PROBLEM TO SOLVE: What you produce should be the lines from the line containing "Hey guys, welcome" through the last line below, both ends included, reproduced exactly and without pictures.

PROVIDED DATA:
────────
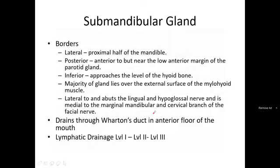Regarding borders: the parotid gland lies on the proximal half of the mandible. Anteriorly it lies near the anterior margin of the parotid gland, and inferiorly it approaches the level of the hyoid bone. The majority of the submandibular gland lies over the external surface of the mylohyoid muscle, medial to the marginal mandibular and cervical branches of the facial nerve.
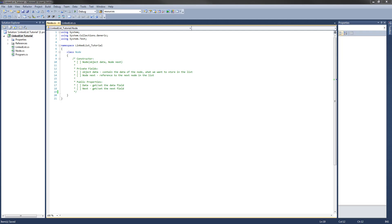Hey guys, welcome to the second video in the linked list in C sharp tutorial series. In this video we are going to be fully implementing the node class. So let's go ahead and get started.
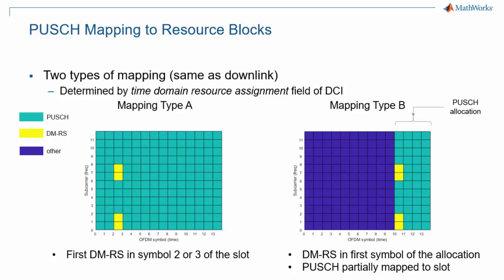This concludes this episode of the 5G Explained video series on uplink data transmission.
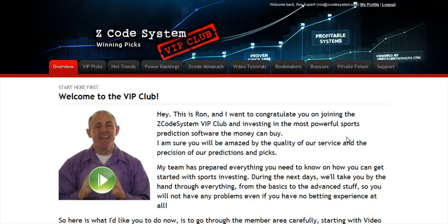Hi guys, Alex here. As you know, we haven't been spending time with Hypertrop Marketing, but instead we've taken months and months of hard work to perfect our winning product, the Z-code system, and to develop an incredible members area for you. I'm sure you'll be amazed by the precision of our predictions and picks and the quality of the members area. So let's check out what's inside.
────────
TASK ANSWER:
Hey guys, welcome to the second video in the linked list in C sharp tutorial series. In this video we are going to be fully implementing the node class. So let's go ahead and get started.
This concludes this episode of the 5G Explained video series on uplink data transmission.
Hi guys, Alex here. As you know, we haven't been spending time with Hypertrop Marketing, but instead we've taken months and months of hard work to perfect our winning product, the Z-code system, and to develop an incredible members area for you. I'm sure you'll be amazed by the precision of our predictions and picks and the quality of the members area. So let's check out what's inside.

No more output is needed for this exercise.